## About this task
Going from the top of the listing below to the line that holds "Cartoon Snoopy Door", reproduce each line exactly; no pictures.

Top of Record extracts

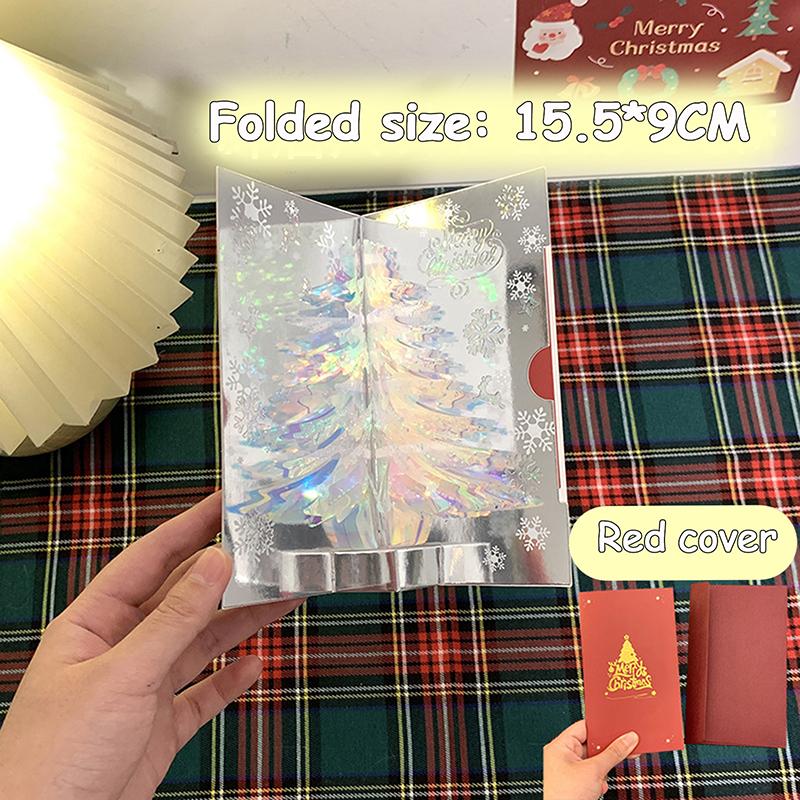

3D Pop Up Рождественская открытка с музыкой Счастливого Рождества Поздравительная открытка Рукописные благословения Пригласительные открытки Подарки на День благодарения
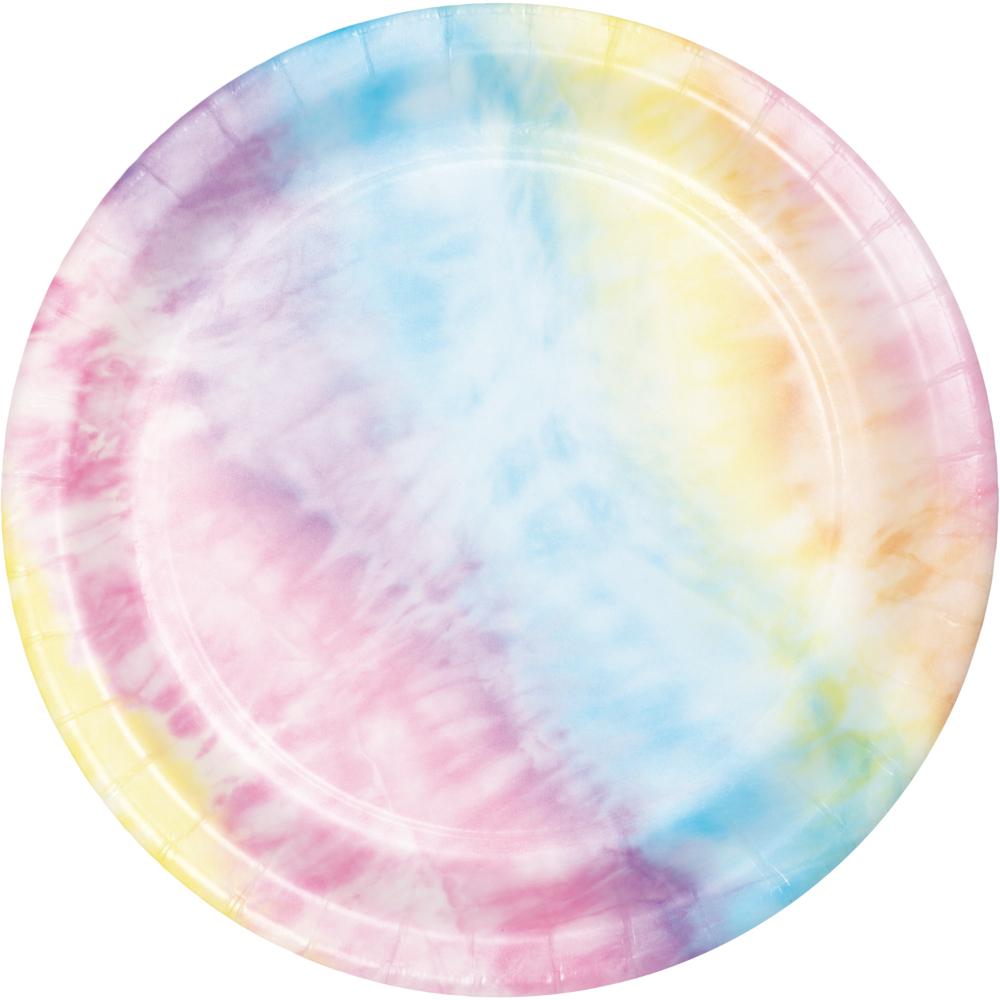 96ct Bulk Tie Dye Party Dessert Plates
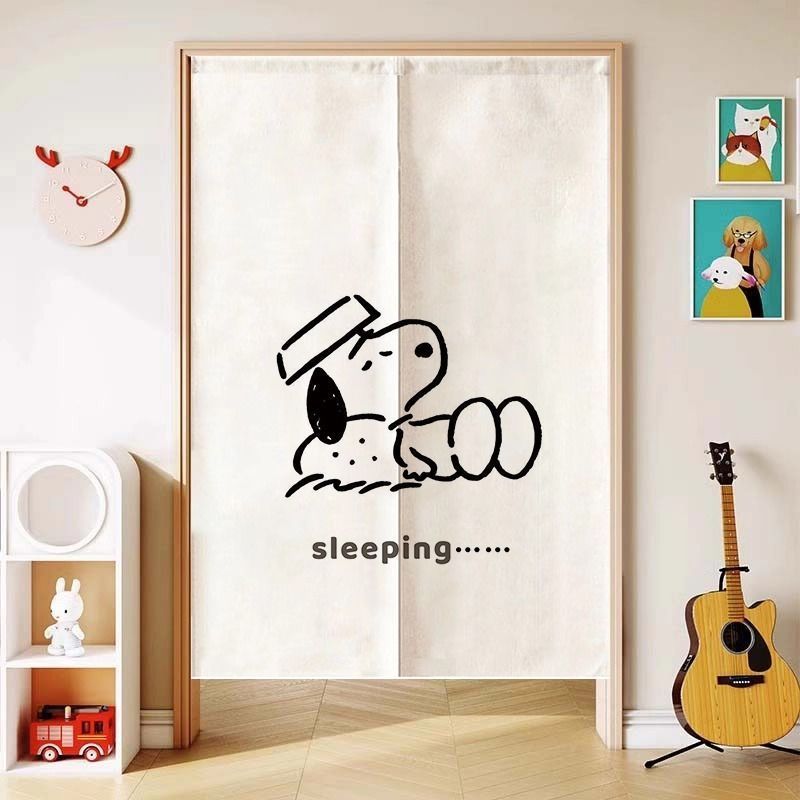 Cartoon Snoopy Door Curtain Partition Curtain Children's Room Bedroom Household Half Curtain Kitchen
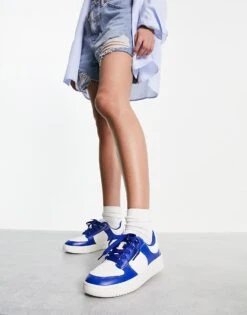Monki Basketball Trainer In Bright Blue For Women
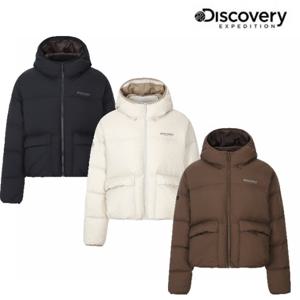 디스커버리 25FW/신상 여성 아웃포켓 다운 크롭 숏패딩 DWDJ9P056-DXNW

Bottom of Record extracts

## Completed task
3D Pop Up Рождественская открытка с музыкой Счастливого Рождества Поздравительная открытка Рукописные благословения Пригласительные открытки Подарки на День благодарения
 96ct Bulk Tie Dye Party Dessert Plates
 Cartoon Snoopy Door Curtain Partition Curtain Children's Room Bedroom Household Half Curtain Kitchen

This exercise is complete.